What you should do >> Across all the entries below, how many lines contain the string "Storage"? The number by itself is the answer.
*** Opening Records shown ***
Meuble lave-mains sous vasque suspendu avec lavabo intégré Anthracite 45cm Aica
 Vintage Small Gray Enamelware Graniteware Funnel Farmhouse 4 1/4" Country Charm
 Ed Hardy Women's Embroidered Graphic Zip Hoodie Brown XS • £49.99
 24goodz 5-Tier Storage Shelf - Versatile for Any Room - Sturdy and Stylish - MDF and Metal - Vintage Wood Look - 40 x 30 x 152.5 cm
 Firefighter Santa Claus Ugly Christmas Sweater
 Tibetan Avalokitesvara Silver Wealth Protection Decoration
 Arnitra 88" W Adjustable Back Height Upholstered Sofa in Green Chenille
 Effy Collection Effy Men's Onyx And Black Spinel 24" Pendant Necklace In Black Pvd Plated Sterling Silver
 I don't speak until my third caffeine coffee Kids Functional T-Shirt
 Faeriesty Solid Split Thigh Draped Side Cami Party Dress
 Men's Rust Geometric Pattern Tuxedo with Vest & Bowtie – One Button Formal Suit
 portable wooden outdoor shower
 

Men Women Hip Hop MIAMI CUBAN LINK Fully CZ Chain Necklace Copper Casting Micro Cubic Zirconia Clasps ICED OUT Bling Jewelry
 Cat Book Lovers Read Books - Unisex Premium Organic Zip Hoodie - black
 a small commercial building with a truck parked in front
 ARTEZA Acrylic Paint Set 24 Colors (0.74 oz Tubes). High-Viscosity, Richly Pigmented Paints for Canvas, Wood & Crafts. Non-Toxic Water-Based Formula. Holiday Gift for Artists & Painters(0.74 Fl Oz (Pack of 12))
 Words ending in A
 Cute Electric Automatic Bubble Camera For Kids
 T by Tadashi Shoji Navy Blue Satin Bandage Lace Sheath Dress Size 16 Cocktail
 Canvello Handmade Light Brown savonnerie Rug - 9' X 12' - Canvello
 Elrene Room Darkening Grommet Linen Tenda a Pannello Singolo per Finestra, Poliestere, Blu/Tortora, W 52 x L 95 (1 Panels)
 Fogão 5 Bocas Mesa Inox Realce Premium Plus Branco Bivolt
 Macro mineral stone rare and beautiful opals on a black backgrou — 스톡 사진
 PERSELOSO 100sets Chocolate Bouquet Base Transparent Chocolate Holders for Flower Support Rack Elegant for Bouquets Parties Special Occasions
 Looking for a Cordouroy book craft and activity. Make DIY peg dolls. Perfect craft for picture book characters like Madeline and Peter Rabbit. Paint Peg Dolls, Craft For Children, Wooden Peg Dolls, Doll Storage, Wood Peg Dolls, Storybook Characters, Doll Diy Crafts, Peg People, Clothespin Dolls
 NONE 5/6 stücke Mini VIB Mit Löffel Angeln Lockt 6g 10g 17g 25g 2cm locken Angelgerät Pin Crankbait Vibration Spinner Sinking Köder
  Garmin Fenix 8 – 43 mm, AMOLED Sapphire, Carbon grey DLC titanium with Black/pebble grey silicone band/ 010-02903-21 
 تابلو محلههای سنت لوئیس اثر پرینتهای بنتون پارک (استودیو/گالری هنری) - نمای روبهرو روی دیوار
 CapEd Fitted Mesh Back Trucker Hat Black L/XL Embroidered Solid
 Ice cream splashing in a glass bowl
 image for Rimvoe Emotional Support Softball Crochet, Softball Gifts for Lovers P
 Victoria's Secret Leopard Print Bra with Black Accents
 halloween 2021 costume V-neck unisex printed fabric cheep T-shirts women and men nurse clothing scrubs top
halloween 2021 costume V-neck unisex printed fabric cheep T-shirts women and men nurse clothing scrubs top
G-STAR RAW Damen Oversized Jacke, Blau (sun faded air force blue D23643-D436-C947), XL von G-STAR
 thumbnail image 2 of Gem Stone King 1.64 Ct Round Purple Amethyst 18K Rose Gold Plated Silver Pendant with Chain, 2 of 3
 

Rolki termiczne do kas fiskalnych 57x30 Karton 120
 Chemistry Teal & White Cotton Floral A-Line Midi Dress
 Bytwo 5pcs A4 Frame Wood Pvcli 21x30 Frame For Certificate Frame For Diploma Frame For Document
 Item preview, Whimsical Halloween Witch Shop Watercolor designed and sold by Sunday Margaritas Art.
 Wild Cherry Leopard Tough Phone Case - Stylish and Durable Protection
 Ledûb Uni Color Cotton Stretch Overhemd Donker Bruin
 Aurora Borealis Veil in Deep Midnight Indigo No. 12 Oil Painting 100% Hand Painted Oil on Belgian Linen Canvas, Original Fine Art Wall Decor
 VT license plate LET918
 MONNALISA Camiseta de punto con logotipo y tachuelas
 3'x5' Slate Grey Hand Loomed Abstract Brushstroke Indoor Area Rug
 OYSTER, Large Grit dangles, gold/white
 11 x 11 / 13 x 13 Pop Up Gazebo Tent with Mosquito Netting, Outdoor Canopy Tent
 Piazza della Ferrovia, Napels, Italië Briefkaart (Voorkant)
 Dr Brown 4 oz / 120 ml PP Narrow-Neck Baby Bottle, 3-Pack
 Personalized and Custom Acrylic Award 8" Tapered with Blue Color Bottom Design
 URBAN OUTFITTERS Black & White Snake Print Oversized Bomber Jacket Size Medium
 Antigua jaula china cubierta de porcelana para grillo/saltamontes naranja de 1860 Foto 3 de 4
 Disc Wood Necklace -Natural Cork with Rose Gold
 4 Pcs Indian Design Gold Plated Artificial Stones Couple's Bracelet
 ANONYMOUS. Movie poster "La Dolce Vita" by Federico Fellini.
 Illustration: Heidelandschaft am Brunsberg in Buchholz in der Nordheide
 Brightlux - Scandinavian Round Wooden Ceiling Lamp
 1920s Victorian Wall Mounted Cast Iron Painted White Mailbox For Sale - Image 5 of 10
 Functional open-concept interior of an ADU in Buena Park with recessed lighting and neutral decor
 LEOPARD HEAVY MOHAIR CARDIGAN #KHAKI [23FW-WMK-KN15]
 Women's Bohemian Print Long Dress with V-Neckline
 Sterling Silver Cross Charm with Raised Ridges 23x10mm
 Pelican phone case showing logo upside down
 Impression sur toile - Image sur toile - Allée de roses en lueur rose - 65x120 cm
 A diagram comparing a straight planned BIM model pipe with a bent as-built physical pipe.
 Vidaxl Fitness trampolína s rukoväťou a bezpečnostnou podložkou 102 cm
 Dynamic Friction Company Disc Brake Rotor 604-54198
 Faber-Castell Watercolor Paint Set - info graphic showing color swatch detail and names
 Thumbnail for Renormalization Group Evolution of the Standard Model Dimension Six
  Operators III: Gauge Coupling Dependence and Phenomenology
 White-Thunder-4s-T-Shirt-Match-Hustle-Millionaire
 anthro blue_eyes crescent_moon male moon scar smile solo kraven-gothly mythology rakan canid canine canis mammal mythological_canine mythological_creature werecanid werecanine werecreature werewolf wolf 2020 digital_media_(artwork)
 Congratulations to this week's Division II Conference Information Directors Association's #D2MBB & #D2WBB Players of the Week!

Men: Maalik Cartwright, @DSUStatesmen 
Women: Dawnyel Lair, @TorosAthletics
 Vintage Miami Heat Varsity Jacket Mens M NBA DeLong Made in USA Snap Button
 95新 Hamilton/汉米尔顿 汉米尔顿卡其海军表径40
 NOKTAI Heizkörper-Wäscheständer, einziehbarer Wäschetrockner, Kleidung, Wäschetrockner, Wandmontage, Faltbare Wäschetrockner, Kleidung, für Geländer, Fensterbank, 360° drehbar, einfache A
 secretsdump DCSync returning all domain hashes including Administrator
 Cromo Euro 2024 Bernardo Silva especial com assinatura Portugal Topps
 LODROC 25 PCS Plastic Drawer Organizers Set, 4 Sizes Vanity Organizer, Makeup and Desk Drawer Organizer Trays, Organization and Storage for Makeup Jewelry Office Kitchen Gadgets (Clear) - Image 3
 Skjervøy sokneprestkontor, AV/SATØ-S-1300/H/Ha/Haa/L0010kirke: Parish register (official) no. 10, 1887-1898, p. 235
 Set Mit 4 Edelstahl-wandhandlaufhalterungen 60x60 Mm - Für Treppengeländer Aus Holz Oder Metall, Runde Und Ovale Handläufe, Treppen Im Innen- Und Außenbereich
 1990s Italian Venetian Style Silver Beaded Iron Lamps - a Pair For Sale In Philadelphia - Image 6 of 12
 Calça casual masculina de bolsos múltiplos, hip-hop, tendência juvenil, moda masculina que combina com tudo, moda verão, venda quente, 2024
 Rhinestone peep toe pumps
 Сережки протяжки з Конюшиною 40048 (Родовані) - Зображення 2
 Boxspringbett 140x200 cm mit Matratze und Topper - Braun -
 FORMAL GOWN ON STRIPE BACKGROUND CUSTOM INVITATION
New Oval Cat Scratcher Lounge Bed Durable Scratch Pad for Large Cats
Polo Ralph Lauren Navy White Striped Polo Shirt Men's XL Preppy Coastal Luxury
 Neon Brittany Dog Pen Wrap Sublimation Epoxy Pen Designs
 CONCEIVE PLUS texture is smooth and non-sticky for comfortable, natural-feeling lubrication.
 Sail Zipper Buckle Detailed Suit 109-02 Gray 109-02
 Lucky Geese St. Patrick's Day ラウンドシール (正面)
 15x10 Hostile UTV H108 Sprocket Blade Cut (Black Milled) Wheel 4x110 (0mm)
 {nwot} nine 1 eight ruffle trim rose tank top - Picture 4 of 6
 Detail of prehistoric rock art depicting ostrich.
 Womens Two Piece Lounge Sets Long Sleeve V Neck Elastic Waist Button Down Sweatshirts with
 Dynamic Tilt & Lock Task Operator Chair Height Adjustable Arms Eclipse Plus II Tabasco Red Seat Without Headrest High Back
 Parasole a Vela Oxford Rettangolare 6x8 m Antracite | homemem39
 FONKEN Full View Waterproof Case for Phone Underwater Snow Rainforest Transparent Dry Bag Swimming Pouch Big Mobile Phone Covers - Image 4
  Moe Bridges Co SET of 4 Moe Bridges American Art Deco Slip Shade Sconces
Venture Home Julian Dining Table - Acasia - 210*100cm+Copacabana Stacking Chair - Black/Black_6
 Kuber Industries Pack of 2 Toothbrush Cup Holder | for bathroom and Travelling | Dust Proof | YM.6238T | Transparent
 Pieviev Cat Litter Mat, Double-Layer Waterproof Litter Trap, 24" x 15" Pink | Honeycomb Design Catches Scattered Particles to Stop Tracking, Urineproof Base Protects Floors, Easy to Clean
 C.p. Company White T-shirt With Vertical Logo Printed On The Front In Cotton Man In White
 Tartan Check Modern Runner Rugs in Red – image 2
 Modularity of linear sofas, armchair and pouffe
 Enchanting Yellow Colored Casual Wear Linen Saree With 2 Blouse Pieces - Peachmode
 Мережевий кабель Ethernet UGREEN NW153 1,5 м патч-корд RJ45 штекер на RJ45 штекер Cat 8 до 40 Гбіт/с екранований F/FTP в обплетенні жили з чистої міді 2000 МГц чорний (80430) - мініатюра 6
*** Closing Records shown ***
Finished task >> 3